La proposition a été signée par 81 députés NFP, dont seulement 6 sont écologistes et non insoumis. Jérémie Iordanoff justifie sa réticence : « Le problème, c’est que la destitution est censée sanctionner une atteinte à la Constitution, pas une faute politique comme l’accord scellé avec le RN. Techniquement, Macron n’a pas contrevenu au texte. »
Pour être plus précis, le chef de l’État a su exploiter jusqu’au bout les failles d’un texte resté flou et sur l’interprétation duquel s’écharpent régulièrement les constitutionnalistes : par exemple, tous ne sont pas d’accord sur le délai permettant à Emmanuel Macron de redéclencher une dissolution de l’Assemblée… « Ces flous montrent l’urgence de réformer, reprend Jérémie Iordanoff. De proposer la suppression du 49.3, de réinstaurer la proportionnelle… On est passé très prêt d’une victoire de l’extrême droite, or si Marine Le Pen arrive à l’Élysée avec cette Constitution, on voit bien ce qu’elle serait capable de faire en l’absence de contre-pouvoirs. » Au NFP, il y a donc consensus sur la nécessité de changer les règles constitutionnelles et d’aboutir à une VIe République. Question centrale qui ne se substitue en rien à la nécessité de glaner une majorité absolue aux prochaines législatives.

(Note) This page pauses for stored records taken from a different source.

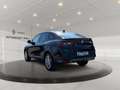 Renault Arkana Arkana Schwarz - thumbnail 3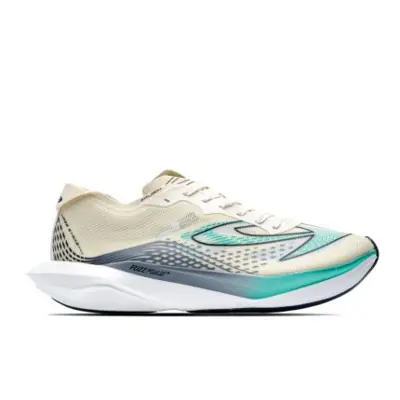 910 Nineten Haze Strike Pro - Putih Gading Tosca N554656654564 Original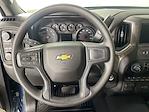 New 2026 Chevrolet Silverado 2500 Custom Crew Cab 4WD Pickup for sale #P261214 - photo 27
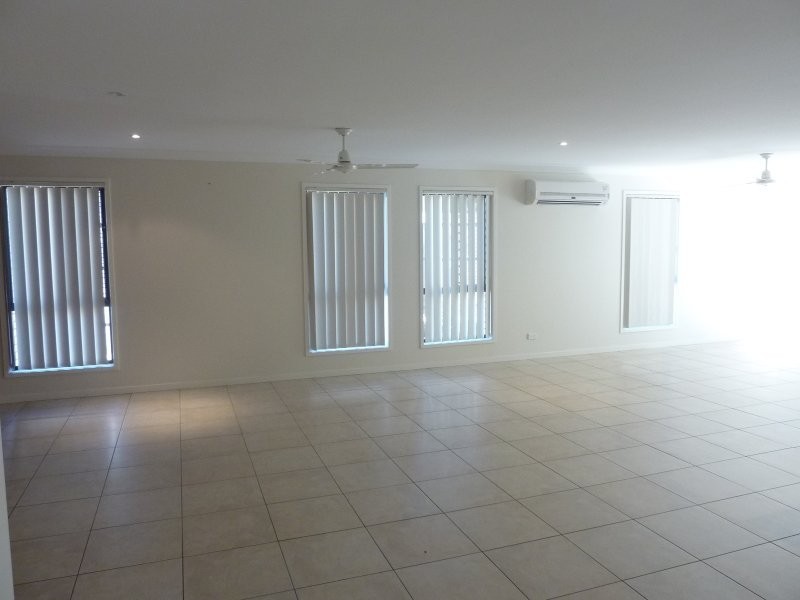 20 Wuriga Street, Wacol QLD 4076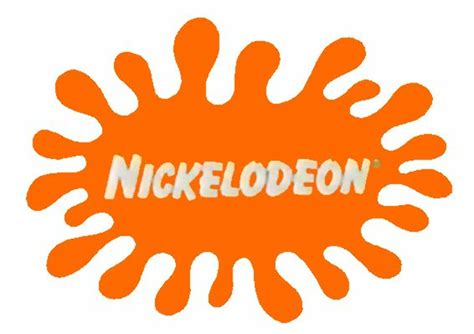 Download High Quality Nick Logo Original Transparent Png Images Art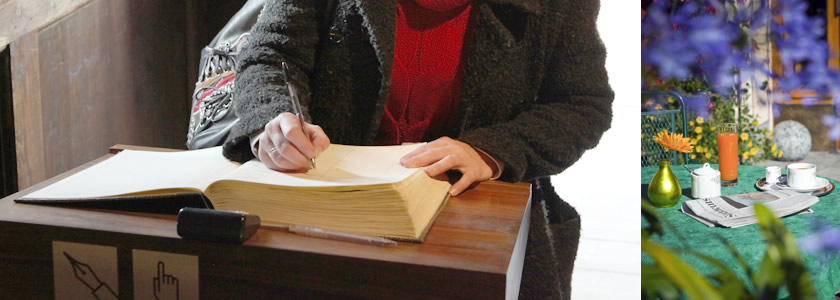 Alpenrose Pertisau Hotel Achensee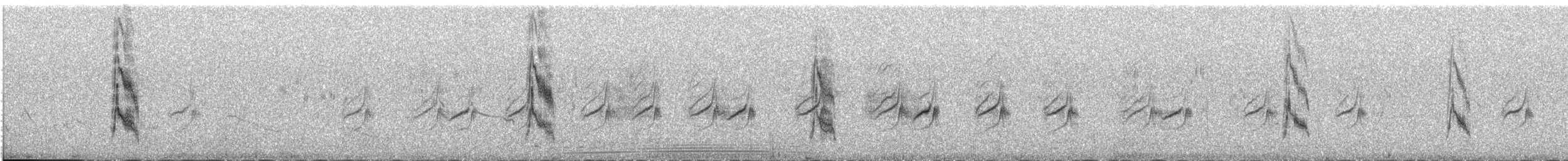 Moğol İncirkuşu - ML647080463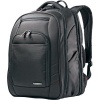 Samsonite Xenon 2 PFT (PerfectFit) 15.6 Laptop Backpack with Tablet pocket -Black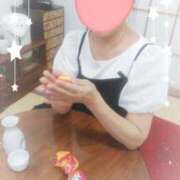 ヒメ日記 2025/06/26 09:36 投稿 みほ(昭和33年生まれ) 熟年カップル名古屋～生電話からの営み～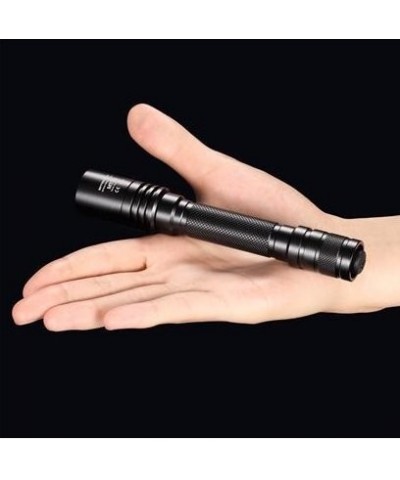 NITECORE MT21A 260 LUMEN EL FENERI NITECORE MT21A 260 LUMEN EL FENERI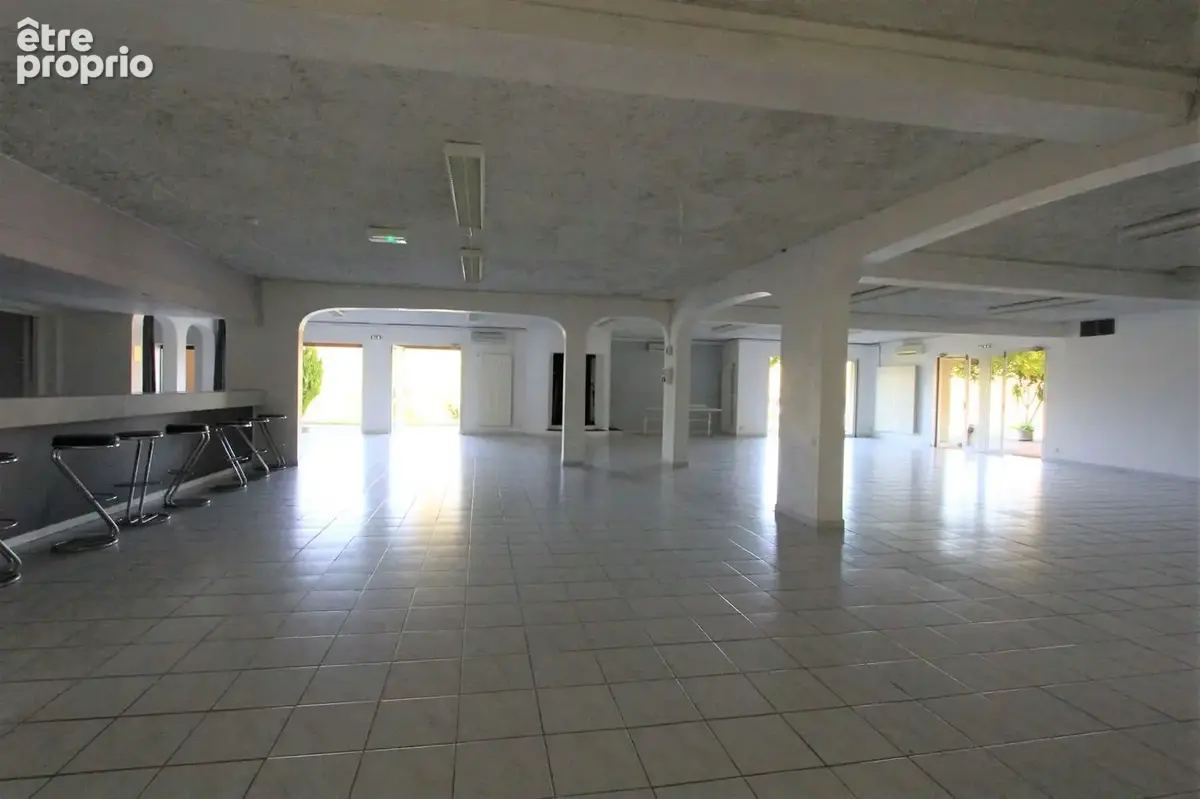 A vendre, 5 minutes d'Albi, au bord du tarn - photo 12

Reste à savoir quelle forme un débat institutionnel pourrait prendre, une fois au pouvoir. L’exemple du Chili, où le projet de Constitution progressiste a été sèchement battu dans les urnes, a refroidi certains partisans d’une Constituante. « Les conditions historiques pour que l’on change de République ne sont pas réunies, juge même Anicet Le Pors : il faudrait à la fois une récusation massive des institutions, une adhésion collective à un autre modèle, et un grand événement déclencheur. Là, nous vivons un gâchis, un fouillis, un désordre, voire un pourrissement qui n’est pas achevé. »
Toujours est-il qu’il y a urgence. Car l’image de Violaine brûlant sa carte, et à travers elle de tous les citoyens désillusionnés du vote, s’impose désormais comme l’un des pires legs du macronisme.